══ Task input

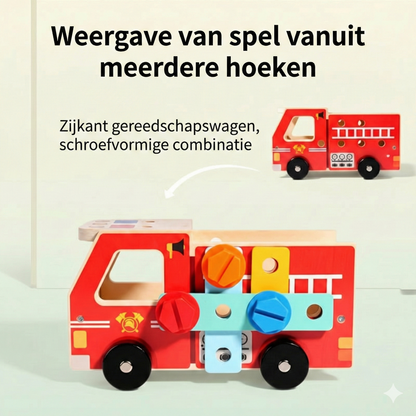 Houten Brandweerwagen Bouwpakket - Constructie Speelgoed met Gereedschap (Educatief & Duurzaam).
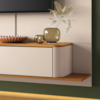 Home Theater Suspenso Galax Off White/Cinamomo Hb Moveis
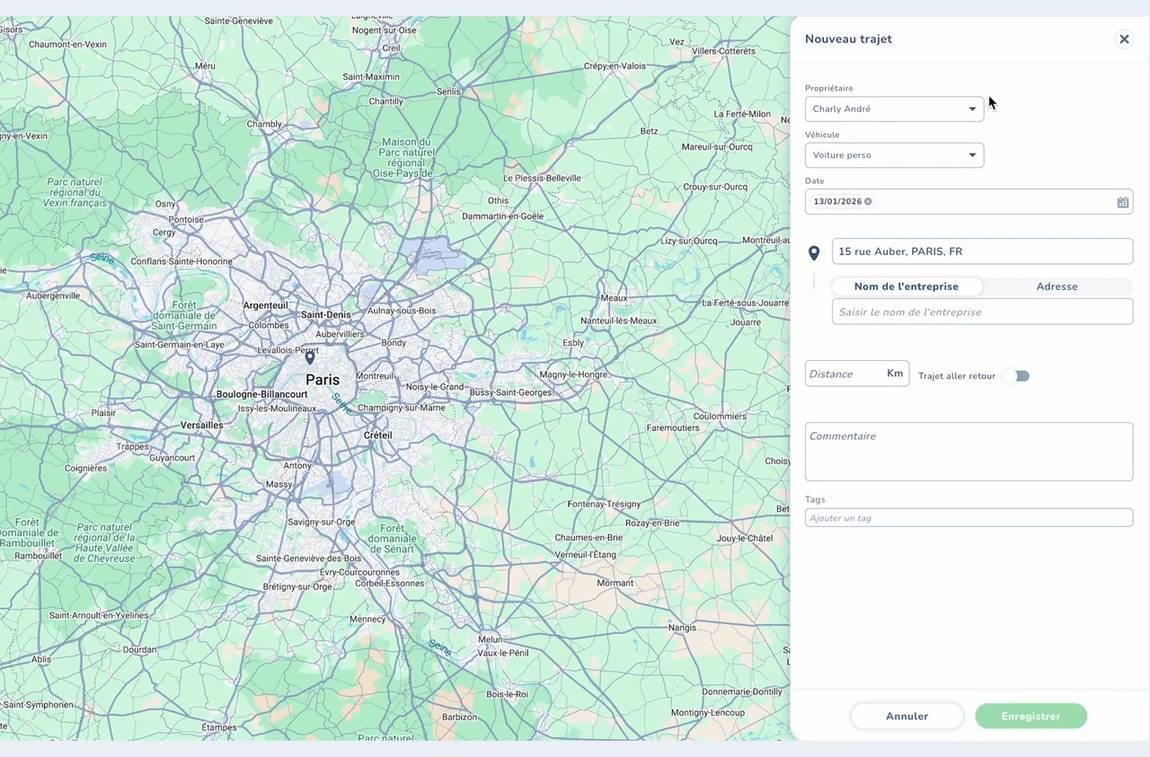 Saisie d'un trajet pour les indemnités kilométriques dans Tiime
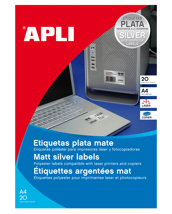 Etiquetas Apli metalizadas plata 21,2 mm x 45,7 mm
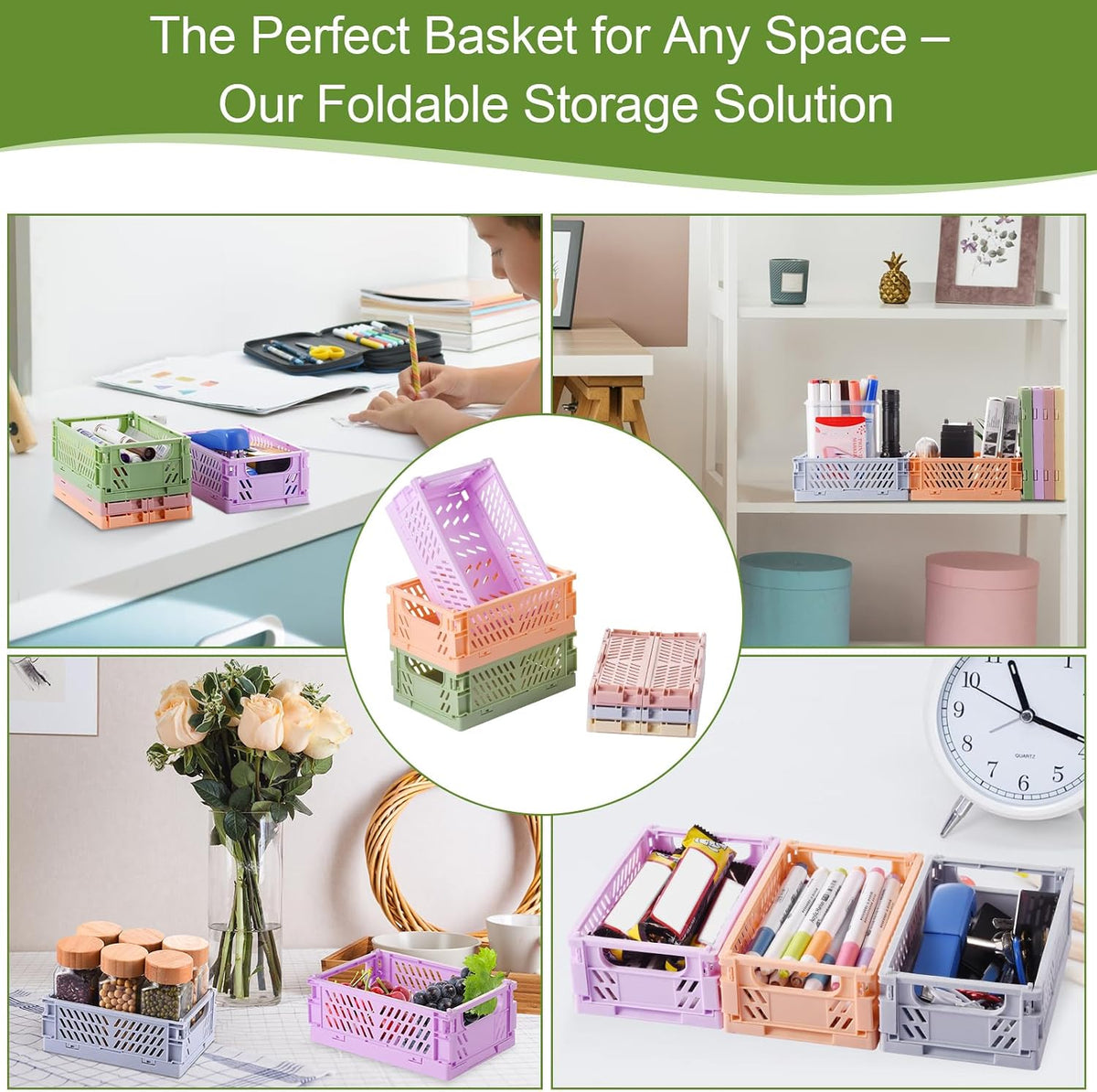 HUUSMOT 6-Pack Collapsible Small Plastic Storage Baskets, 5.9"x3.8"x2.2"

════

What is expected – Every picture stays out; reproduce exactly the lines from the one with "Saisie d'un trajet" through the last line of the data above.

Output for this exercise –
 Saisie d'un trajet pour les indemnités kilométriques dans Tiime
 Etiquetas Apli metalizadas plata 21,2 mm x 45,7 mm
 HUUSMOT 6-Pack Collapsible Small Plastic Storage Baskets, 5.9"x3.8"x2.2"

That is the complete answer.